MULAI terlihat perbedaan kebijakan penguasaan sumber daya alam antara Prabowo Subianto dengan Joko Widodo. Jokowi, selama berkuasa, membuat aturan yang melegalkan pelanggaran dan sarat negosiasi yang merugikan negara.

Yang diuntungkan dari kebiasaan Jokowi itu adalah oligarki pelanggar hukum. Jokowi membuatkan mereka sejumlah landasan hukum untuk memutihkan kejahatan mereka dan menguasai sumber daya alam secara legal. Jokowi membiarkan oligarki dan pengusaha asing untuk melanggar aturan tentang hutan, sawit, tambang, bahkan laut.

Adapun Prabowo berlaku sebaliknya. Setelah menjadi presiden, Prabowo mengambil alih aset negara yang dikuasai oligarki dan asing. Aset yang disita itu dikembalikan ke negara untuk dikelola oleh badan usaha milik negara. Tak ada negosiasi.

Satu di antaranya adalah kebun kelapa sawit yang melanggar aturan. Jumlahnya diperkirakan mencapai 5 juta hektare atau sekitar 29 persen dari total kebun sawit yang berjumlah 17,5 juta hektare. Dari 5 juta hektare ini, kebun sawit ilegal tersebut diserahkan sekitar 1 juta hektare ke BUMN, PT Agripalma Nusantara. Jumlah ini mendekati dua kali lipat luas kebun sawit milik PTPN yang hanya sekitar 600.000 hektare.

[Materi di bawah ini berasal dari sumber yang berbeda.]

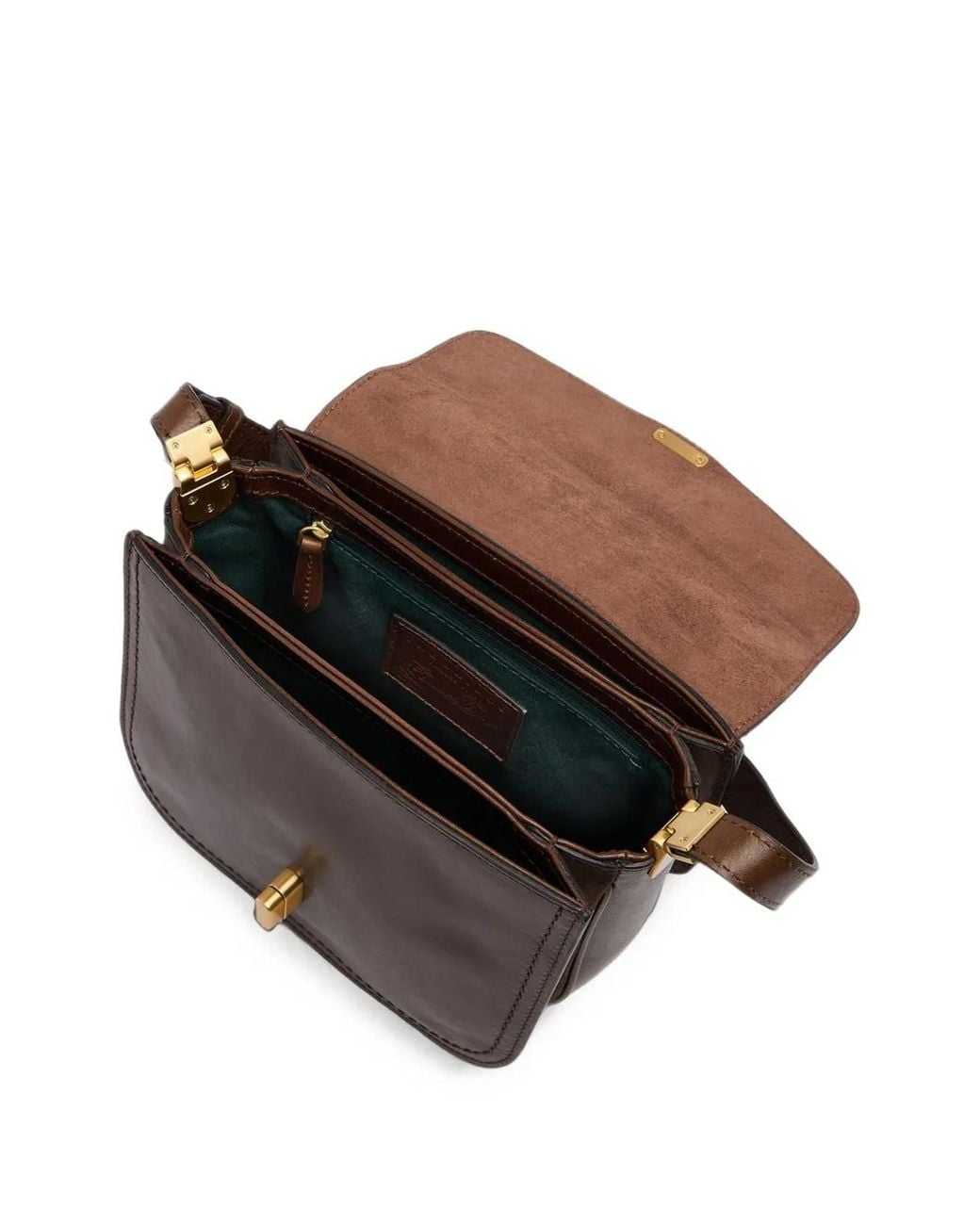 The Bridge Brown Twist-Lock Leather Cross Body Bag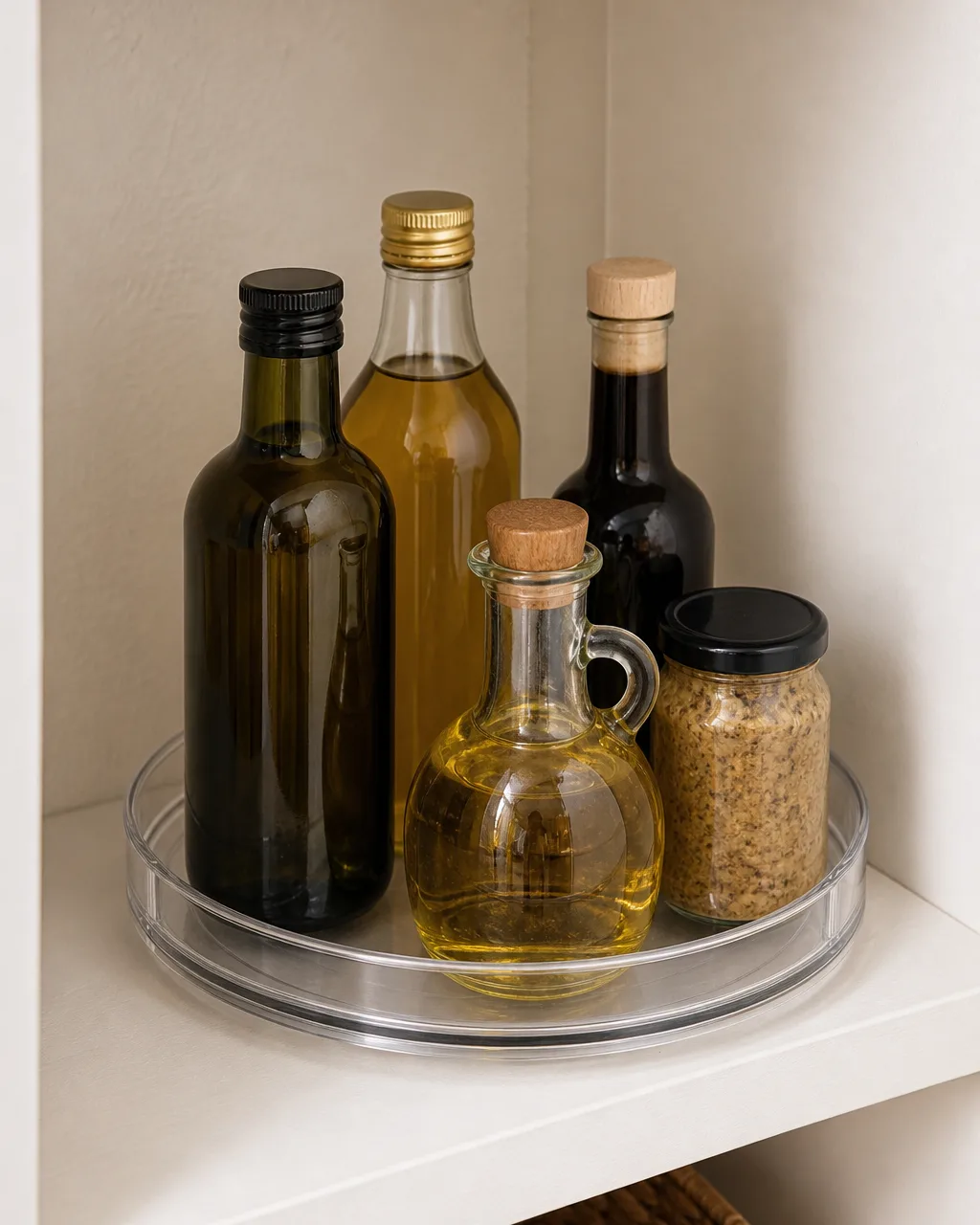 A clear acrylic lazy Susan turntable on a deep pantry shelf corner holding five assorted bottles and jars of oils and condiments arranged in a circle, white shelf, warm light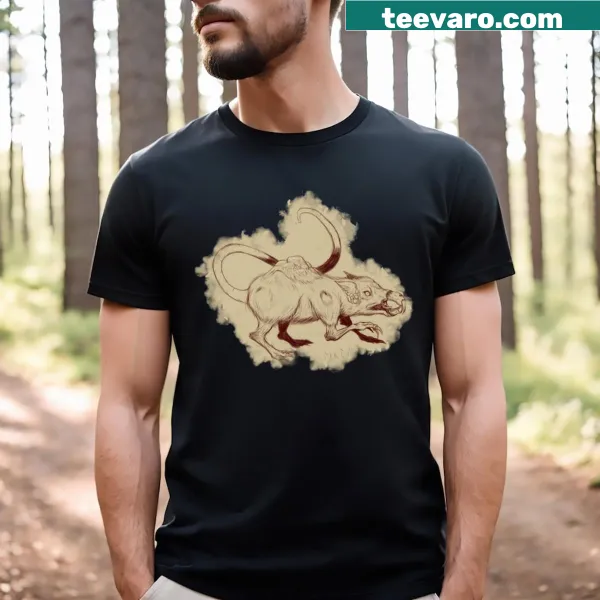 Edgy graphic of a plague rat on a t-shirt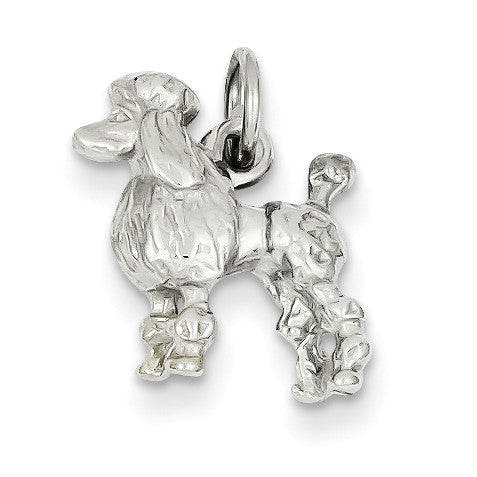 14k White Gold Solid 3-Dimensional Poodle Charm K1004 - shirin-diamonds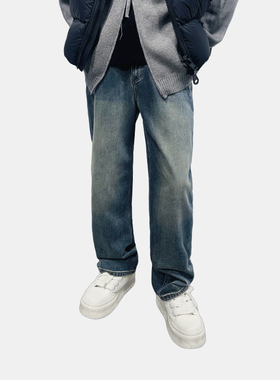 Anyview专柜同款美式复古水洗牛仔裤男宽松直筒休闲长裤秋冬保暖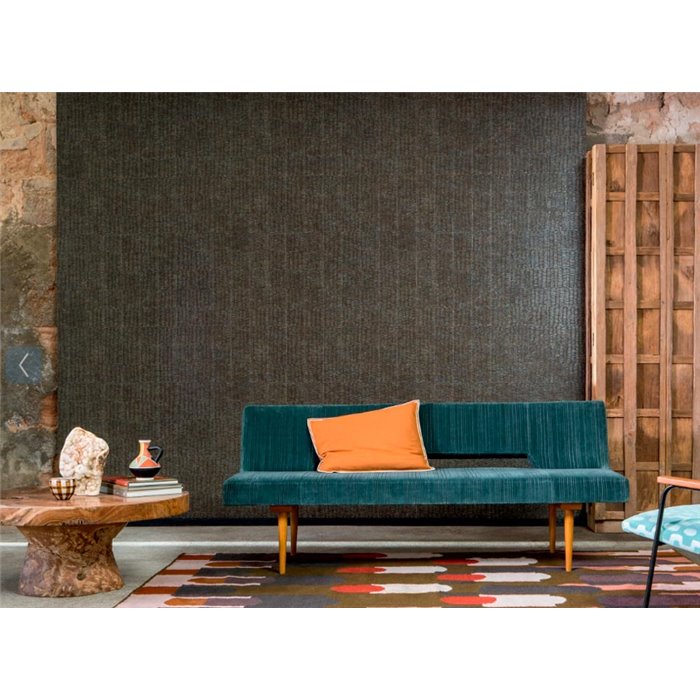 Elitis|Dark-toned wicker wallpaper with sophisticated air|Wallpaper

Prabowo juga membuat BUMN khusus untuk mengambil aset negara yang selama ini dikuasai oleh oligarki secara ilegal. Prabowo membentuk BUMN khusus yang dipimpin oleh pensiunan Jendral TNI "Saptamargais".

Di masa kekuasaannya, Jokowi menyerahkan SDA, seperti tambang, kebun, hutan, dan bahkan laut dan pantai, kepada oligarki secara tidak legal. Perusahaan oligarki pelanggar hukum, dan menguasai harta negara dengan cara menggusur rakyat. Tindakan ini dipimpin oleh sejumlah pensiunan jenderal.

Publik dapat menilai siapa pensiunan jenderal yang berjiwa sapta marga hingga akhir hayat dan jenderal yang berjiwa "sapta cuan", jenderal-jenderal yang rela dijadikan tameng untuk mengejar cuan.

Rencana pengambilan aset negara ini sepertinya dipimpin langsung oleh Menteri Pertahanan Letjen TNI (Purn) Sjafri Syamsuddin, selaku Ketua Harian Dewan Pertahanan Nasional--Ketua Dewan Pertahanan Nasional adalah Presiden. Prabowo mempercayai Sjafri untuk menangani hal-hal terkait pengembalian aset yang selama ini dirampok dari negara.

Karena itulah Presiden Prabowo harus terus pengambilan aset negara yang selama ini diambil secara tidak legal seperti kebun sawit oleh oligarki dan asing akan dilanjutkan. Jangan lupa pula menertibkan tambang, hutan, laut, pantai dan lahan rakyat yg diambil secara ilegal.

Namun sepertinya ada upaya untuk menghadang upaya Prabowo itu. Sehingga terjadi pengalihan isu yang terlihat dari sejumlah demonstrasi, dari isu "Adili Jokowi dan Lawan Oligarki" menjadi "Turunkan Prabowo dan Masukkan TNI ke barak".

Ingat, agenda penertiban selanjutnya setelah kebun sawit adalah tambang, pantai, laut dan hutan. Akan banyak yang terganggu dan akan melakukan perlawanan. Karena itulah kita harus kompak mendukung kebijakan pemerintah untuk ambil alih aset negara yang tengah diupayakan oleh Prabowo. Jangan terkecoh dengan framing isu revisi UU TNI.